On October 2nd, the Editorial Board of the Stanford Daily announced that their publication is racist and anti-Black.
"As we begin the new session of the Stanford Daily Editorial Board, we must recognize the continued oppression and anti-Blackness that exists in our nation and in our own Stanford community…The Editorial Board has been complicit in this same racism and anti-Blackness.”
The Stanford Review, an organization which stands firmly against racism and discrimination, calls upon the ASSU to launch a formal investigation into the Stanford Daily. Student funds must not be used to support an openly racist organization.
We further call on anyone at the Daily who self-identifies as a racist to resign their post and make way for those who are less prejudiced. We at the Review, apparently the only remaining major campus publication who have not proclaimed ourselves racist, are more than willing to help the Daily recruit more tolerant replacements.
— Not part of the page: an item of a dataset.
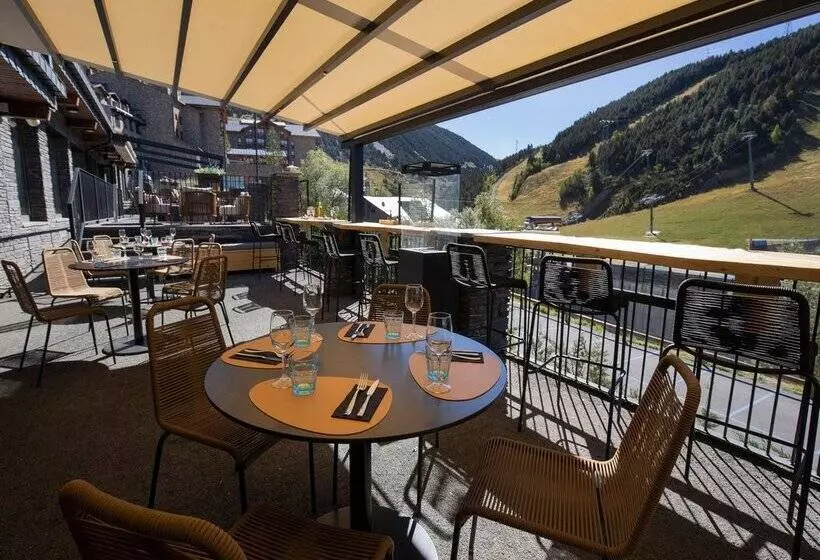 هتل Piolets Soldeu Centre by Nexta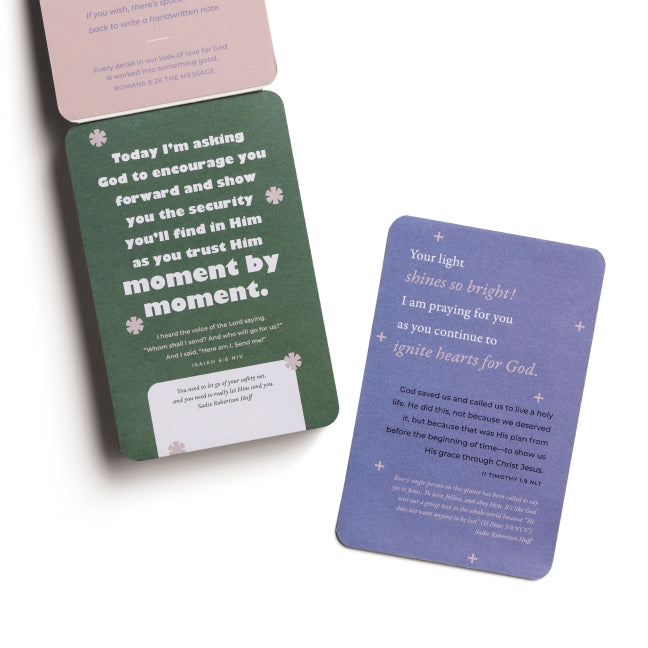 100 Pass-Along Notes to Celebrate the Good: Prayers to Share (Shareable Messages of Encouragement with a Prayer, Scripture, and Inspirational Quote)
Such behavior—admitting racism and expecting no consequences—is not without precedent. In September, the President of Princeton University declared that his own university was “racist.” The U.S. Department of Education has since launched an investigation into whether Princeton has misrepresented its compliance with anti-discrimination mandates.
So, does the ASSU plan to investigate the Daily for a similar breach of non-discrimination policies, or of the Fundamental Standard? Is their intolerance an issue for ASSU leaders? We asked them.
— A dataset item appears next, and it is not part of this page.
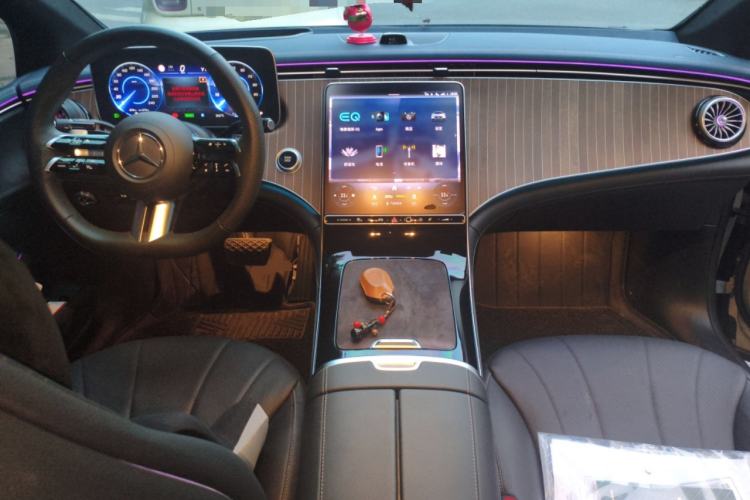 Used Mercedes-Benz EQE 2022 350 Luxury Edition Center Console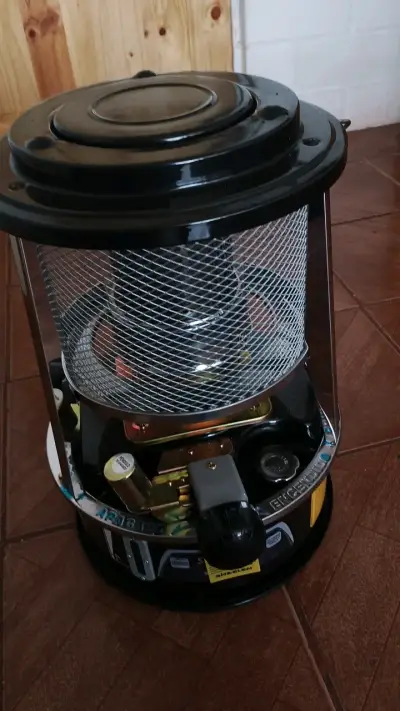 Calefactor a parafina portátil negro - miniatura 4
The ASSU responded that we actually should “applaud them, since willingness to admit to discrimination is never easy.” Regarding a possible investigation, a spokesperson for the ASSU wrote that, “this will not be the case, since the Daily is independently taking steps toward reducing the discriminatory practices that they independently admitted to.”
The Daily Editorial Board laid out four paltry actions which it will take to rectify their history of “racism and anti-Blackness.” These include attaching a comment form to each Editorial Board piece to be “more responsive” to the community, and “engaging directly with organizations and individuals that can best represent [minority] interests.”
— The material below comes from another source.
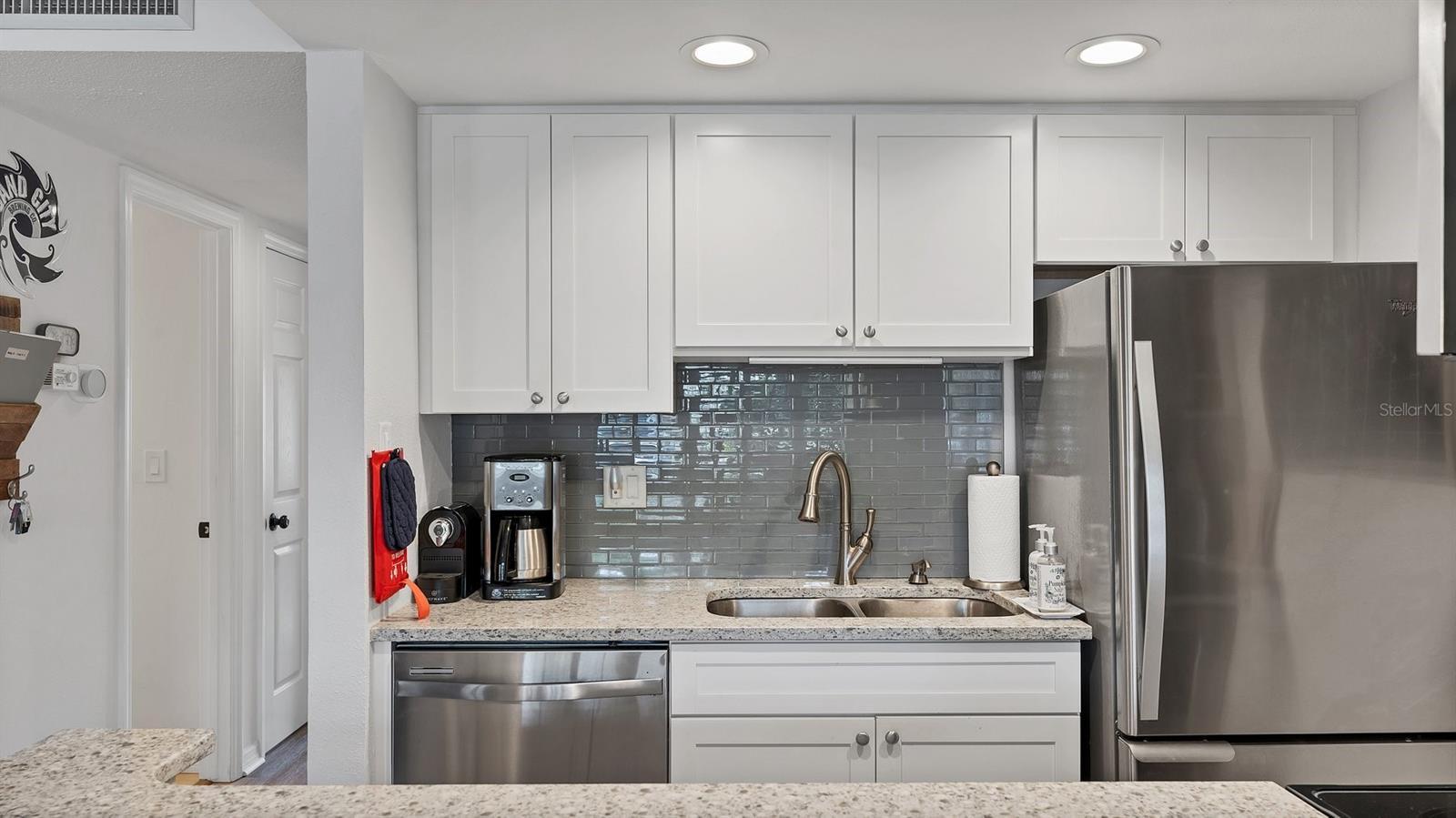 D6145186 Property Photo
Perhaps by consulting one black person through a Google form or giving an editorial veto to campus activists, the Daily thinks it can solve its own racism? For an organization that could not even get its ASSU funding forms submitted on time, we question whether the Daily can be expected to independently address something so pressing as racial equality. The need for a transparent and thorough process demands ASSU intervention.
Racist institutions have no home on Stanford’s campus, and our student government cannot be complicit in funding them. We demand that the ASSU investigate the Daily and take bold action in defense of racial justice!